6. Open Questions and Future Directions

The paper identifies several notable open questions and directions for further work:

• Model-theoretic extension property: Whether the required extension property for bounded arithmetic models holds in full generality remains open. A negative answer would itself separate $NP$ from $coNP$ unconditionally.
• Universality of (ST): Does the non-solvability of $\mathrm{DD}_P$ in the S-T model hold for all strong proof systems, or only some? This impacts the generality of the feasible disjunction limitation.
• Further development of PCGs: Refinements in the construction of proof complexity generators may inform better methods for proving proof lower bounds, and help realize explicit hard tautology families.
• Interplay with disjunction property: Understanding failure modes of the feasible disjunction property and its implications for proof size, proof search, and the architecture of proof systems is a central problem for future paper.
• Use of advanced model-theoretic tools: Expanding the interaction between Boolean-valued models, finite model theory, and bounded arithmetic models could yield further breakthroughs.

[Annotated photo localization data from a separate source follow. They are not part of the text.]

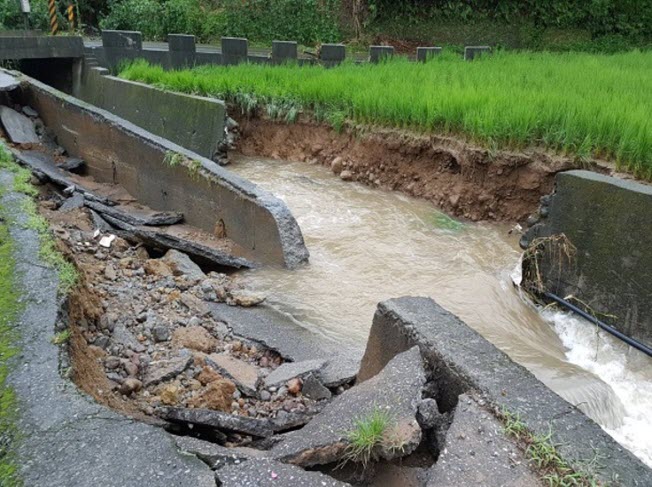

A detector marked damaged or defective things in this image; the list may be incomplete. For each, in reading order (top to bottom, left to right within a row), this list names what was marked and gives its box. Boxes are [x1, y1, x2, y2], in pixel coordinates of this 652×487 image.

broken asphalt slab [0, 170, 214, 486]
broken asphalt slab [272, 346, 428, 468] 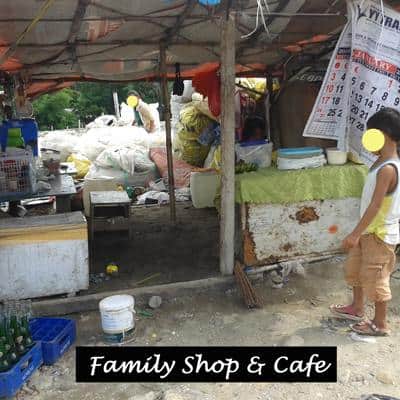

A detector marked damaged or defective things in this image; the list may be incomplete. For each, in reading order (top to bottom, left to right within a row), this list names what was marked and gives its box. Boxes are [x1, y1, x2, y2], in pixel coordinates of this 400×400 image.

rusty surface [294, 206, 318, 225] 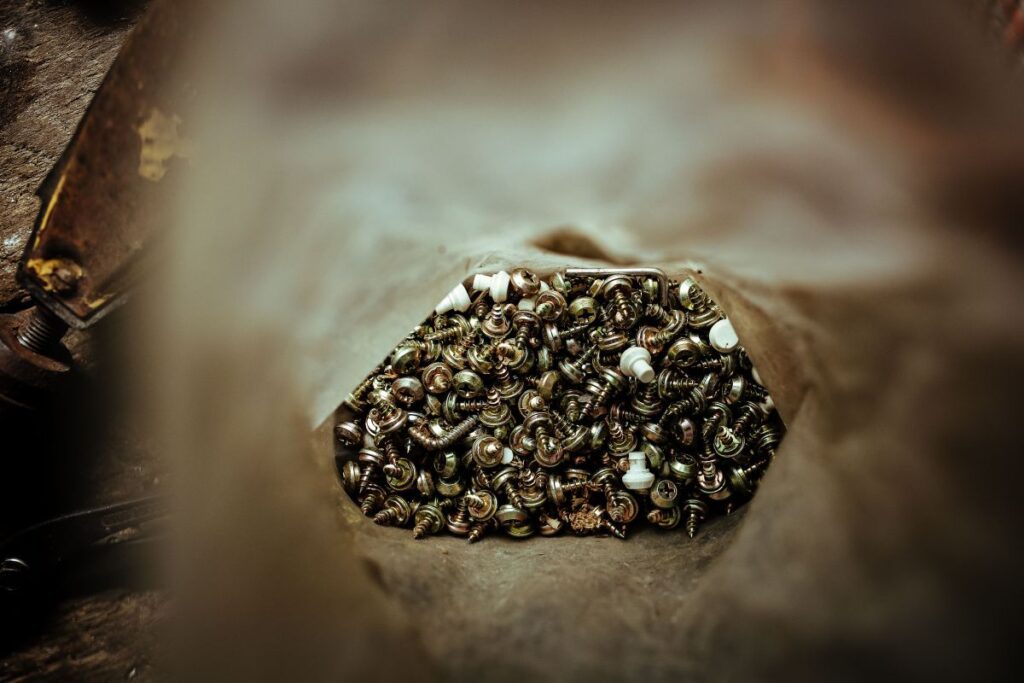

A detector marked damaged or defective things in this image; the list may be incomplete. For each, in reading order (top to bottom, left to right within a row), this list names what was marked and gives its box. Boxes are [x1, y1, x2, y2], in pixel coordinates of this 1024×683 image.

rusted metal plate [18, 0, 192, 331]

Summary Table of Key Concepts

Concept	Definition / Statement	Consequence / Usage
Proof Complexity Generator $g$	$g: \{0,1\}^n \to \{0,1\}^m$, p-time computable	Generates tautologies $\tau(g)_b$ likely hard to prove
$\tau(g)_b$ (Tau-Tautology)	Propositional statement that $b \notin \operatorname{Rng}(g)$	Candidate for large proof size in proof systems
$\mathrm{DD}_P$ Search Problem	Given $P$-proof $\pi$ of disjoint $\bigvee_{i} \alpha_i$, find $i$ with $\alpha_i \in \mathrm{TAUT}$	Probes feasible disjunction property
Hypothesis (ST)	$\exists$ strong $P$: $$\mathrm{DD}_P \notin \mathrm{ST}[\mathsf{P/poly}, O(1)]$$	If true, implies $NP \neq coNP$ (model-theoretic support)
Model-Theoretic Assumption	Extensions of models $$\mathbf{M} \subseteq \mathbf{M}^* \subseteq \mathbf{M}'$$ with preserved sizes	Enables transfer of S-T intractability to proof lower bounds
Strong Feasible Disjunction Property	Ability to decompose disjunction proofs into proofs of disjuncts efficiently	Shown to fail for strong systems via above frameworks

Technical Formulations

• Tau-Tautology:

$$\forall x\, (|x| = n)\, \exists i < m\, \forall y_i\, A_b(x, i, y_i)$$

• Disjoint Disjunction:

$$\bigvee_{i < m} \alpha_i \qquad \text{with disjoint atom sets}$$

• Student-Teacher Model: Total $\Sigma^p_2$ search solvable in $t(n)$ rounds with a $\mathsf{P/poly}$ “student.”

Conclusion

The theory of proof complexity generators provides a bridge from cryptographic assumptions and model-theoretic techniques in bounded arithmetic to concrete lower bounds in propositional proof complexity. Central search problems such as $\mathrm{DD}_P$, grounded in the structural properties of PCGs, offer a pathway to separating NP from coNP by exposing fundamental limitations in the decomposability and tractability of proofs in strong propositional systems. The open technical and conceptual challenges, particularly those involving model-theoretic extension properties and the universality of feasible disjunction failure, represent key strategic frontiers for continued research in the field.